Walk down the corridor outside the suite and there are doors marked ‘Boardroom’ and ‘Old Boardroom’. The old and new guard at United must be beside themselves to be welcoming back the greatest player in United’s modern history.

Ronaldo thanks United fans in 2018
Ronaldo thanks United fans in 2018

Ronaldo’s entrance sparked more camera clicks than an A-list film star on Hollywood Boulevard. He was fashionably late and the only thing more blinding than the photographers’ light bulbs was the diamond-encrusted watch he wore. The flash function will be widely used on matchday.

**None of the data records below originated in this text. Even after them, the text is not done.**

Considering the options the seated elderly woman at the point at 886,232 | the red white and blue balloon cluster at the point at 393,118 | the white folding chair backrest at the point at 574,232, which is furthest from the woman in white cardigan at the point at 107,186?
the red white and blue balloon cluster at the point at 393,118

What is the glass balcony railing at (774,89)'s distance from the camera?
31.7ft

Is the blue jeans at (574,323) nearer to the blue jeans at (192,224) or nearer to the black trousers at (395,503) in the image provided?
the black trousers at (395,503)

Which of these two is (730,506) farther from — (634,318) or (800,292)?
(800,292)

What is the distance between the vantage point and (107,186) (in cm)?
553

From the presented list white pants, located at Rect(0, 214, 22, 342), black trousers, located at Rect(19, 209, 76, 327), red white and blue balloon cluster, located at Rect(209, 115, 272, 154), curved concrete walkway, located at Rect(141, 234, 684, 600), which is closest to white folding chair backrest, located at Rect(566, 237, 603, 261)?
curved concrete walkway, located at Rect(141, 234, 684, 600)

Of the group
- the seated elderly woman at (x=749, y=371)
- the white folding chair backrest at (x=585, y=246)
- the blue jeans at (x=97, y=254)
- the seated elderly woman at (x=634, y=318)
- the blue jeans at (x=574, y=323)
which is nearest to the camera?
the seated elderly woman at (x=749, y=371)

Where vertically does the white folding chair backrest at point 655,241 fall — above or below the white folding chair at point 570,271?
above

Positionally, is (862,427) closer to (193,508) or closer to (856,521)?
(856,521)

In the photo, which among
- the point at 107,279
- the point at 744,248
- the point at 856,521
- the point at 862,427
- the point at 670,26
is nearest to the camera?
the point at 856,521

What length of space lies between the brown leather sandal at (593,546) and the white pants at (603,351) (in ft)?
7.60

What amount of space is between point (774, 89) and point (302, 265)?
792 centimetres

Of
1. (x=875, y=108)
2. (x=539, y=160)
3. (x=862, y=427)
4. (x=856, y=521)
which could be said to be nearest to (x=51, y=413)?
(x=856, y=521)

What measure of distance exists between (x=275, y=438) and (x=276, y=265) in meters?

It is a pity the United team coach will lurch as close as possible towards the Stretford End entrance on Saturday. Most of the supporters assembled will barely glimpse Ronaldo disembarking the coach. Yesteryear, the players parked up and strode towards the tunnel individually, not even flanked by security. Ronaldo could never do that.

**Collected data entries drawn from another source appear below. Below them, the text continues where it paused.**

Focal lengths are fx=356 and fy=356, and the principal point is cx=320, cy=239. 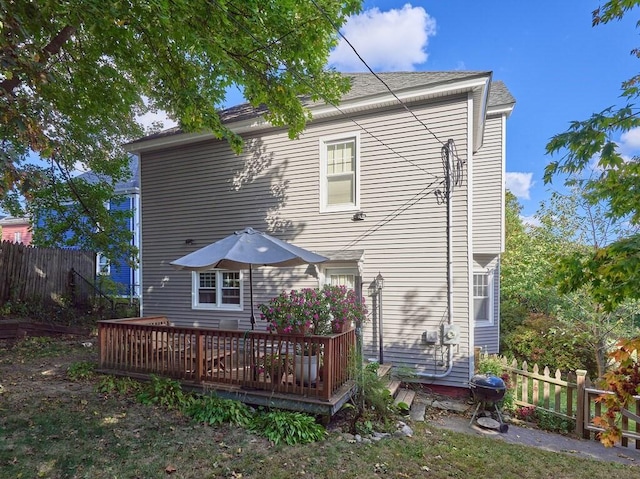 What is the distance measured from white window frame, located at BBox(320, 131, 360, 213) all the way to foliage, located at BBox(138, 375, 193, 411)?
469 centimetres

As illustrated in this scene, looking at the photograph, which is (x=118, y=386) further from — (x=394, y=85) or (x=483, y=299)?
(x=483, y=299)

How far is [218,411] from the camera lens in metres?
5.03

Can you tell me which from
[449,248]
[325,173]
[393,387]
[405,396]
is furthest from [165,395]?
[449,248]

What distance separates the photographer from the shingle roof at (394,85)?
7156 millimetres

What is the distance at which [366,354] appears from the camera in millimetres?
7730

His Instagram reintroduction to the supporters who were chanting his name at Wolves ended with, “PS – Sir Alex, this one is for you…” As sign-offs go, it had the most hard-nosed, cynical supporter weak at the knees. The old RedIssue editor, Zar, tweeted: “Talk about saying the right thing, tremendous from Ronaldo.”

It was not always plain sailing. Ronaldo attempted to engineer a transfer to Madrid in 2008 and crassly described himself as a ‘slave’. At a United reserves pre-season match against Burscough, a banner read, ‘RONALDO SLAVE OUT!’ When Ronaldo appeared on the screens at Wembley during the Community Shield a month later and the RedIssue editorial described Ronaldo as a ‘conniving little s–t’.

Yet United fans have serenaded Ronaldo ever since he left. The sight of away-dayers twirling their red, white and black bar scarves in the Steve Bull Stand last month evoked memories of the Champions League final in Moscow. Those scarves, gifted to supporters to commemorate the 50th anniversary of the Munich air disaster, are just as synonymous with Ronaldo. The Muscovites approved of the sight of clenched fists clutching red emblems in the Luzhniki Stadium.

A United fan twirls his bar scarf in the Luzhniki Stadium
A United fan twirls his bar scarf in the Luzhniki Stadium

Ronaldo is back for the biggest challenge of his career. United and Juventus were champions when he touched down in Manchester and Turin 15 years apart. Madrid had won La Liga the year before Ronaldo played keepie-uppie in front of the Bernabeu. This United is success-starved, without a title in more than eight years and trophyless since 2017.

But the sight of Ronaldo is one of reassurance. He is looking down on United supporters who stroll down Sir Matt Busby Way again, his image affixed to the east stand facade for the first time since 2008.

He has been enlarged on it twice before. The last time was at the start of 2007-08 season, Ronaldo assembled for a squad picture on its turquoise glass panels. The statement read: “The mission continues.”